Part 1 covers the initial pipeline. Part 2 documents the rebuild and what each optimization contributed.

1. The Initial Pipeline

The production system was a DeepStream-based Docker service started with a single command:

python3 plate_supervisor.py -f plate_cams.txt

Behind that line hid a simple rule: one independent processing stack per camera.

Architecture

Component	Role
`plate_supervisor.py`	Reads `plate_cams.txt` and spawns one worker process per camera
`plate_ws_service.py`	Per-camera pipeline: RTSP → YOLO TRT → crop → OCR → WebSocket
`plate_cams.txt`	Camera registry — up to 20 streams in production
`manual_ocr_gateway.py`	Gateway for on-demand manual OCR across cameras
`ocr-gpu-service`	Separate container — PaddleOCR GPU over HTTP (`POST /ocr`)

Each RTSP source got its own plate_ws_service.py OS process with a dedicated HTTP/WebSocket endpoint. DeepStream ran on a daemon thread inside that process; FastAPI/Uvicorn handled the API layer on the main asyncio loop.

plate_cams.txt (20 cameras)
        │
        ▼
plate_supervisor.py
        │
        ├── plate_ws_service.py  (cam 1)  ──► DeepStream + YOLO  ──► HTTP OCR
        ├── plate_ws_service.py  (cam 2)  ──► DeepStream + YOLO  ──► HTTP OCR
        ├── ...
        └── plate_ws_service.py  (cam 20) ──► DeepStream + YOLO  ──► HTTP OCR
                                                    │
                                                    ▼
                                          ocr-gpu-service
                                          (shared PaddleOCR API)

The system was multistream only in name.
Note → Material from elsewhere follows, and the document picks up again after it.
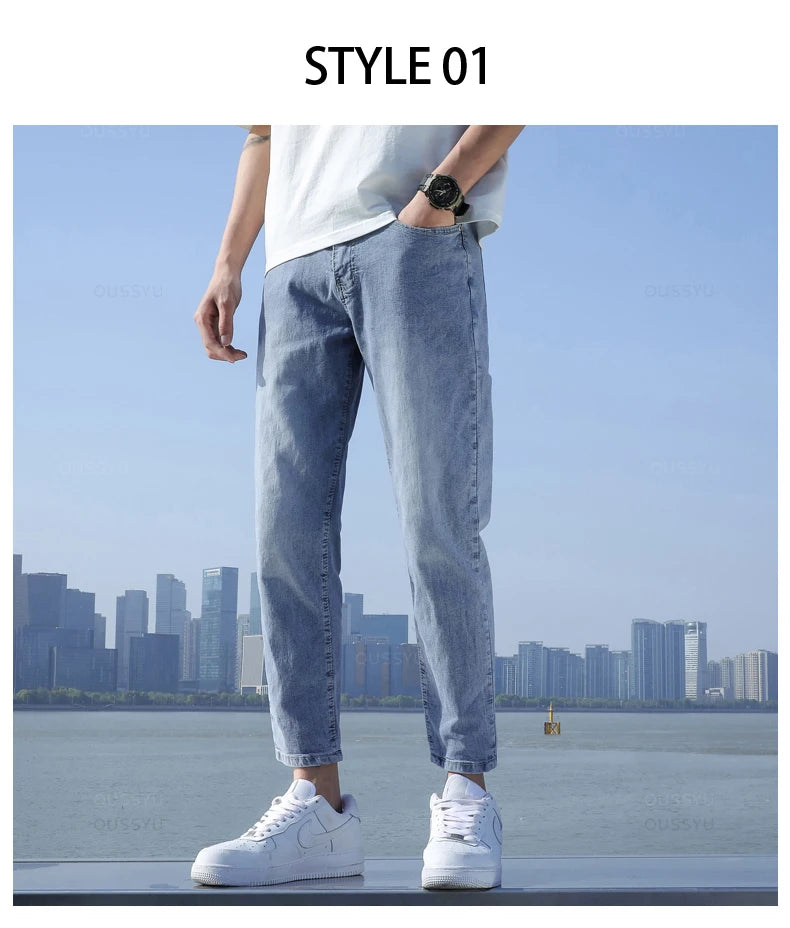 2024 New Men's Stretch Ankle Length Jeans Light blue Fashion Casual Cotton Slim Fit Denim Pants Korean Trousers Male Brand Cloth - reetell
There was no shared nvstreammux across cameras — each stream owned its own OS process, its own DeepStream pipeline, its own YOLO TensorRT engine, and its own GPU context.
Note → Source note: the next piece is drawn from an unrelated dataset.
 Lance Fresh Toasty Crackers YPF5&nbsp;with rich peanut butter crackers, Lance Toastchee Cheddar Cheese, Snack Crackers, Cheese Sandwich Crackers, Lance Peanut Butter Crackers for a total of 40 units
How a Frame Moved Through the System

NVIDIA DeepStream chains GStreamer elements to keep video on the GPU: NVDEC decode → nvstreammux → nvinfer (TensorRT) → Python probe. In our setup, nvstreammux was meant to batch multiple streams into one tensor, and nvinfer ran YOLO plate detection and attached bbox metadata (NvDsObjectMeta) to each frame. OCR lived outside DeepStream in a separate PaddleOCR service.

The per-camera path looked like this:

RTSP → NVDEC decode (GPU)
     → nvstreammux (batch-size = 1)
     → YOLO TensorRT — full-frame detection (GPU)
     → probe: full frame copied to CPU → crop sliced on CPU
     → JPEG encode → HTTP POST → PaddleOCR (det → cls → rec)
     → WebSocket result

YOLO always ran on the full decoded frame. The probe pulled the entire image out of GPU memory and only then cut the plate region on the CPU:

n_frame = pyds.get_nvds_buf_surface(hash(gst_buffer), frame_meta.batch_id)
frame_rgba = np.asarray(n_frame).copy()          # GPU → CPU (full 1920×1080)
frame_bgr = cv2.cvtColor(frame_rgba, cv2.COLOR_RGBA2BGR)
crop = frame_bgr[py:py2, px:px2]                # bbox slice on CPU, not GPU

Old pipeline PCIe path: GPU NVDEC and YOLO on full frame, entire 1920x1080 frame copied to CPU, crop sliced on CPU, then OCR over HTTP

GPU–CPU–OCR HTTP request, high PCIe traffic — detection stays on the GPU; the bus carries the full frame even though only a small crop reaches OCR.

Diagram source: NVIDIA DeepStream — Gst-nvinfer plugin

Plate Detection: DeepStream Integration and the Batch-Size = 1 Ceiling

Standard DeepStream nvinfer cannot run Ultralytics YOLO out of the box. We used marcoslucianops/DeepStream-Yolo — a custom libnvdsinfer_custom_impl_Yolo.so that provides NvDsInferYoloCudaEngineGet (ONNX → TensorRT) and NvDsInferParseYolo (raw output → bounding boxes).

Thanks to Marcos Luciano for DeepStream-Yolo.

The YOLO engine was exported and configured at batch-size=1:

[property]
onnx-file=tr_plateV1.onnx
model-engine-file=plate_yolo.engine
batch-size=1
parse-bbox-func-name=NvDsInferParseYolo
custom-lib-path=.../libnvdsinfer_custom_impl_Yolo.so
engine-create-func-name=NvDsInferYoloCudaEngineGet

streammux.set_property("batch-size", 1)
pgie.set_property("config-file-path", PGIE_CONFIG_PATH)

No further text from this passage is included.